A lot of these phones use MediaTek processors, which I've been lead to believe were so terrible that the phones were unusable, but that was not my experience. A BLU Studio phablet I used early in the year was good and much cheaper than the unlocked version of the Samsung phablet (bigger than a phone, smaller than a tablet) it was copying.
Having had experience with the LG Optimus One variant Optimus S, it's just a matter of finding the correct storage/RAM/processor combination.  I know that companies have to work from a cost standpoint, but how much does a bad report (or millions of them) cost?

As has been my experience, developing a product only using a checklist doesn't produce a product people really want to use.  You have to make it work smoothly, and assure that the rough edges aren't there, or at least, they don't annoy.  Right now, I'm still annoyed by both iOS and Android.  I'd like to see Firefox OS but being in its infancy, I know that I couldn't be happy, unless I lowered my expectations of what a phone should be.  Phones based on Firefox OS are being sold in countries that are especially price conscious.

Of course, if you're in a price sensitive area, a checklist may be all that's necessary.  Having the luxury of luxury may not be possible, nor would be taking the time to sort the phone's software properly.  I have my doubts about whether Apple or Google properly test their software, so maybe, it doesn't matter how much the operating system is worth if no one cares to do the job correctly.

Along with BLU products, I've handled a couple ZTE products and use one of them for two weeks.  They were sufficient and just as capable as similar devices, but with a lower quality build, unlike BLU products.

At this moment, the only Chinese brand I've seen on the market, Haier, has been selling refrigerators, although they make a variety of products.

I know that other products are coming.  I doubt I'll be on the leading edge for them.  I eat Korean food, but I've barely warmed to Korean electronics.  I'm trusting of food from Taiwan and Hong Kong, but not Mainland China.  Of course, a lot of products I have were likely made in Mainland China, under the supervision of a company elsewhere in the world.  I have no doubt that, like the Japanese factories of the 1950s, that China's current labor force will become better.

It took quite a while for Japanese products to be great, and similarly as long for South Korea's products.  It will be a while for China's products, even though they're making products every day for people all over the world.  Twenty or thirty years into the future, we'll likely see plenty of Chinese names in regular use outside of China.

Update 2014.01.29: According to the numbers this week, Xiaomi has been doing a number on Samsung in China.  Samsung is probably feeling a lot of pressure in the midrange, especially since that's where this Chinese makers' phones reside and where Apple's iPhone 5c is placed, since it's finally on the world's largest carrier, which happens to be in China.

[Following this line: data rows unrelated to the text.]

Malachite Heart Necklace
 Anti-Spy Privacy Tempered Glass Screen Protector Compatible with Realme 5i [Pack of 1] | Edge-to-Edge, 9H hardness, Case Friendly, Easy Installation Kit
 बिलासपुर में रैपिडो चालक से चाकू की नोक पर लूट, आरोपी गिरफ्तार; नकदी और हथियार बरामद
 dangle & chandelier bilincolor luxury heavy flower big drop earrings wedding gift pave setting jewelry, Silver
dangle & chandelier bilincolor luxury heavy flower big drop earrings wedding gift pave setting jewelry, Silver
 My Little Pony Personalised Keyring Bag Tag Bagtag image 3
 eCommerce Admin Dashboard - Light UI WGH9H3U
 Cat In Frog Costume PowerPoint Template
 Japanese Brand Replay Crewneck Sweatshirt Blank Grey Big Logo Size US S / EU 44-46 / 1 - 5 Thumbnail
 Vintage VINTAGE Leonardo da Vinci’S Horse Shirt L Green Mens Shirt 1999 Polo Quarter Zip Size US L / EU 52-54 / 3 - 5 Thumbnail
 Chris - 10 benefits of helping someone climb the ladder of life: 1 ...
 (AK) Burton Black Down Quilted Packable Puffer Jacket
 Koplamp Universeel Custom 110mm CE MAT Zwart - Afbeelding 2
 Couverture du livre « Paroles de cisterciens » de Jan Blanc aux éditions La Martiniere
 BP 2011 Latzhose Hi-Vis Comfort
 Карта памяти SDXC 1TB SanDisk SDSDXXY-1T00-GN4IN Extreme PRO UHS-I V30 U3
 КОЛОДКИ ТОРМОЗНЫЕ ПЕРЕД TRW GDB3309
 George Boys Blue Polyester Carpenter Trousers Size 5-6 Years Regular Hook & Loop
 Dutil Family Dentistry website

Chinese companies are still trying to market their phones in the U.S.A. but the government is skeptical about their governmental ties and isn't likely to approve any of them for purchase, and they clearly don't want the networking equipment installed anywhere.  Of course, who would spy on the American people besides the NSA?  :-D  The Chinese government seems skeptical of using Cisco products in China, conversely.